A single growth Suisen plant (a special bean leaf) with a leafspan of about 1.75 to 2 inches max with 7 leaves will currently set you back $1000 USD. Homeiden has come down somewhat in price, and you can really get a bargain if you buy a small seedling from a selfing of Homeiden. It will only cost you $150 USD, and if you're lucky it might turn out to be as good as a division of the real thing.

I gave away a small (2 - 3 growth) Mangetsu plant in 2008 to a friend of mine since the plant didn't make me feel all warm and fuzzy inside. Sometimes a plant just leaves me feeling cold or it doesn't perform well for me so I give it away.  There are many varieties I have tried and disliked...but many more that I have tried and fallen in love with. 

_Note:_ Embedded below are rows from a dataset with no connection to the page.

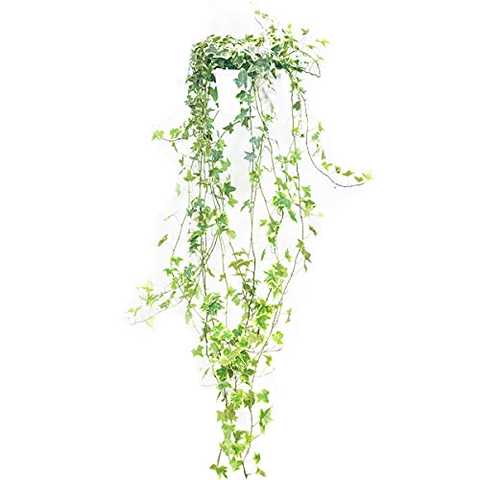 ヘデラ アイビー ヘリックス 吊り鉢 観葉植物 本物 中型 インテリア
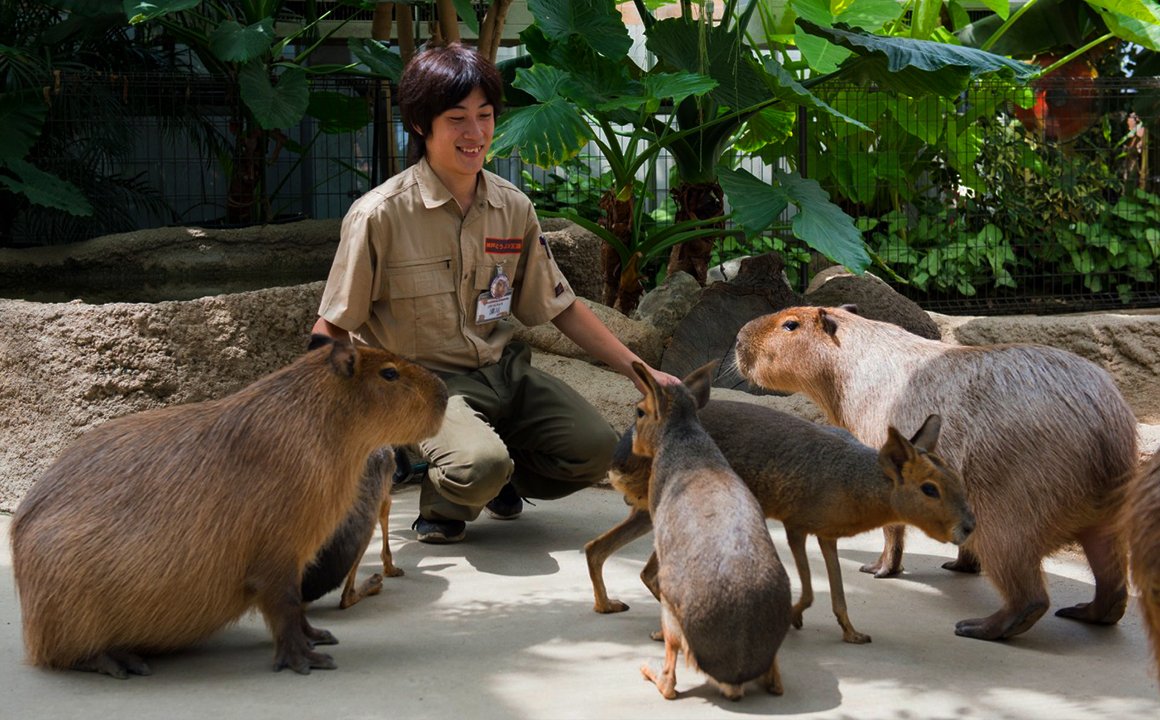 🐼 고베 시립 오지 동물원(고베 시리츠 오지 도부츠엔)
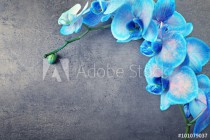 Beautiful blue orchid flowers on grey background, close up Naklejkomania - zdjecie 1 - miniatura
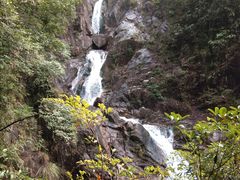 -九龙江国家森林公园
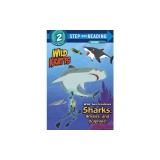 Wild Sea Creatures: Sharks, Whales, and Dolphins!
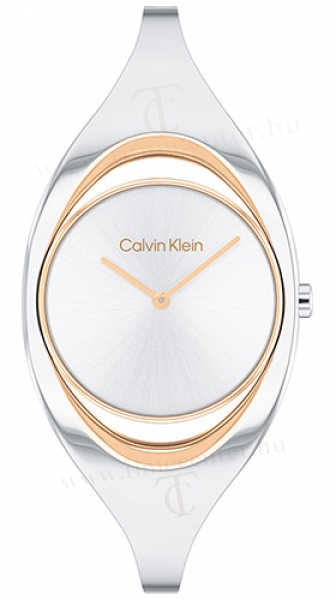 Calvin Klein CK25200393 karóra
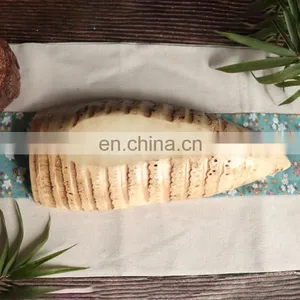 Wholesale European Boat Shape Creative Bamboo Root Multi Dried Fruit Candy Plate Cute Snack Tray for Home Decoration Divide thumbnail-4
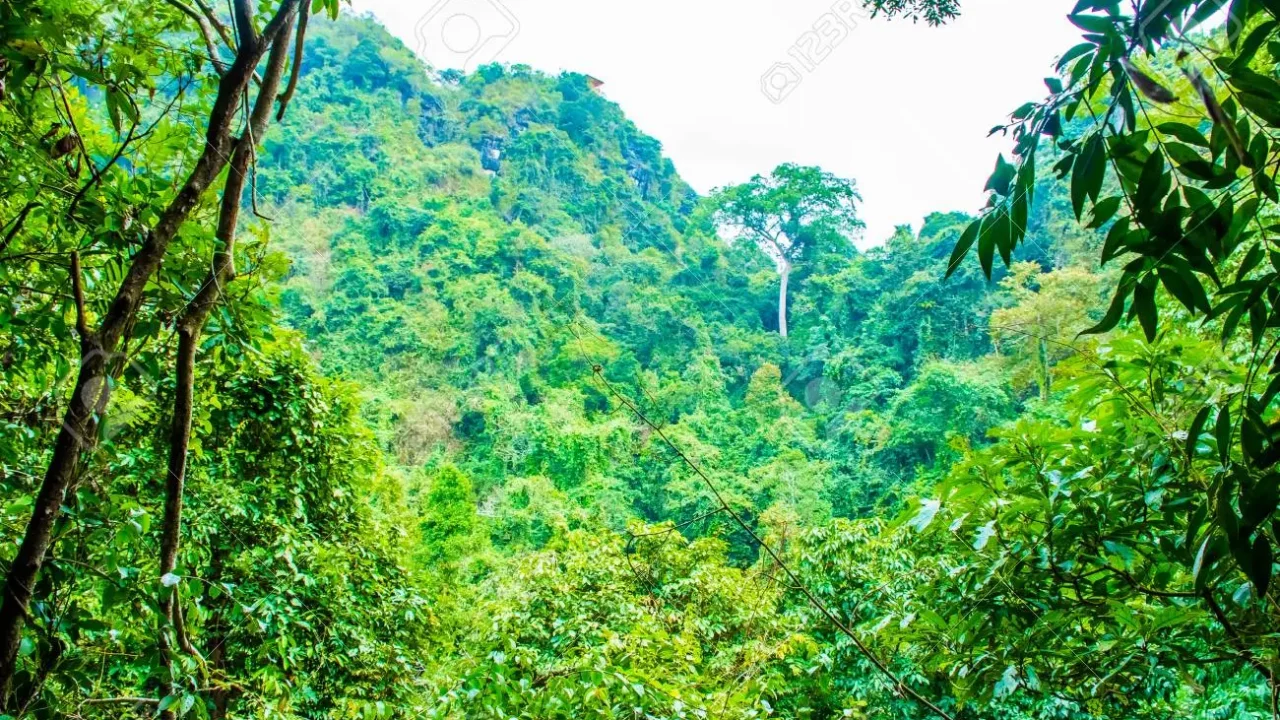 Kidnapped passengers escape as bandits doze off in forest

Currently some of the better varieties in my collection include Homeiden, Kinkounishiki, Manjyusahge, Seikai, Unkai, Ouzanomai, Hanakanzashi, Sobiryu, Kinginrasha, Kinkosei, Tensho, Hisui, and Tosamidori. Certainly not all of these are top ranking plants, but many of them do appear on the Meikan chart. I have many other varieties as well. None of them seem to satisfy my craving for more. :drool: My wish list is long and it includes a nice Manazuru, Beniougi, Hanamatoi, Kokuryu, Gokousei, Suisen, and Shigyoku. :evil:


----------



## Linh (Mar 30, 2010)

I recently received the 2009 and 2010 charts but I can't translate any of the names into Japanese, sorry. I don't know if they all share a common characteristic but I think many of them are variegated and have ruby roots.


----------



## ncart (Mar 30, 2010)

Linh said:


> I recently received the 2009 and 2010 charts *but I can't translate any of the names into Japanese*, sorry. I don't know if they all share a common characteristic but I think many of them are variegated and have ruby roots.



oke:


----------



## Lanmark (Mar 31, 2010)

Linh said:


> I recently received the 2009 and 2010 charts *but I can't translate any of the names into Japanese*, sorry. I don't know if they all share a common characteristic but I think many of them are variegated and have ruby roots.





ncart said:


> oke:


:rollhappy: :clap: :rollhappy:

:evil:


----------



## Linh (Mar 31, 2010)

ncart said:


> oke:


oke: Okie dokie, go at it.

http://www.flickr.com/photos/constant_gardener/4479410492/sizes/l/

I think....
Gold box on the left hand top corner is Ooemarushima.
Gold box in the middle of top row is Fuukiden.
Gold box on top row right hand side is Kinbotan.
5th white box counting from left on top row is Botan-nishiki.
6th white box counting from left on top row is Higuma.
3rd white box counting from right on top row is Kinkirin.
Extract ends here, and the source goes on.